Musgrove may have been ejected less for the pitch itself than for throwing his hat to the ground angrily as the teams began scrumming. Hurdle still wasn’t happy about his man getting the ho-heave. “The hard part is watching a man cross the line and push the catcher out of the way,” Hurdle said of Donaldson’s shoving Diaz. The pitcher drops his hat and glove and . . .
“Since the time we’ve been on the playground at six-year-old we’ve tried to find ways to stand our ground,” the skipper continued. “I understand that in a vacuum saying that you shouldn’t throw your hat down, but if you’ve played the game or been around sports there’s time when you drop your hat and glove. The hard part is if the batter goes to first none of this happens.”
Is it possible Donaldson was aware enough of that scenario that he was willing to take one for the team in order to leave the already-vulnerable Pirates staff completely at the potential mercy of the Braves’ swingers with their bullpen in earlier than hoped for? The 13-7 Braves win certainly makes it look that way.
Because even though the Braves ended up going calmly in the bottom of the first, and Braves starter Kevin Gausman kept it 1-0 after a leadoff base hit in the top of the second, the Braves broke out the cudgels in the bottom of the second: a leadoff hit batsman, a walk, a runner-advancing ground out, a strikeout that loaded the bases thanks to the passed ball on strike three, and Ronald Acuna, Jr. coming to the plate. Acuna turned on a hanging curve ball from Alex McRae and drove it halfway up the left field bleachers.
If only it was one of Gausman’s better nights. Starling Marte hit the first pitch he saw in the top of the third over the center field fence with Kevin Newman and Bryan Reynolds aboard and nobody out.
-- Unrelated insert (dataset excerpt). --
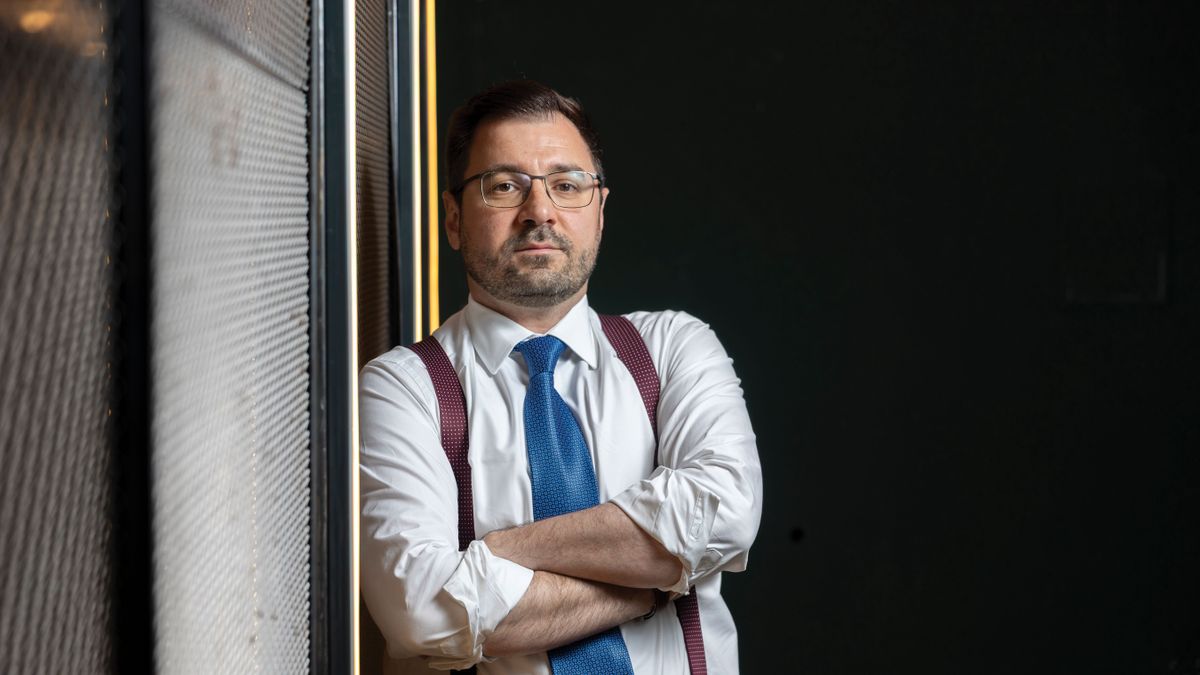 Európában is elindult a józan ész forradalma, csak ezt a liberális, globalista elit még megpróbálja visszanyomni – Szánthó Miklós a Mandinernek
Part of it was Gausman’s own fault, after he threw offline trying to force Newman (leadoff single) at second on Reynolds’s grounder back to the mound.
Now both teams were into each other’s bullpens. Ozzie Albies flattened McRae’s hanging changeup on 1-2 and sent it into the left center field bleachers in the bottom of the third. If McRae was trying to take one for his team, what he took was almost cruel and unusual punishment when he walked Swanson to open the Atlanta fourth and Freddie Freeman drove a 2-1 fastball not far from where Acuna’s salami landed.
Geoff Hartleib had the dubious pleasure of seeing the score swell to 9-4 when Nick Markakis drove home his 1,000th career run on a single up the pipe. His teammates toasted him after the game. “It just means I’m getting old,” Markakis cracked to reporters.
Albies made it 10-4 in the seventh with a solo over the center field fence. Marte saw him leading off the top of the eighth with a first pitch bomb off former Met Jerry Blevins. Later in the inning, with Dan Winkler having relieved Blevins, pinch hitter Corey Dickerson shot a two-run single to make it 10-7.
So, naturally, in the bottom of the eighth, Johan Comargo, who’d replaced Donaldson after the jersey brush, singled Swanson home before Markakis, apparently deciding he wasn’t getting that old, hit a two-run homer. And Jacob Webb shook off a two-out walk to sink the Pirates in the top of the ninth.
“Musgrove and Donaldson have no particular history, and these teams are not rivals,” wrote Deadspin‘s Chris Thompson, who called Musgrove and Donaldson steakheads for their trouble. “And the ball that ‘hit’ Donaldson didn’t actually hit him at all. There was no reason for anyone involved to feel proud or pissed or slighted or triumphant, at all.”
But maybe, just maybe, Donaldson wasn’t as much of a steakhead as he looked.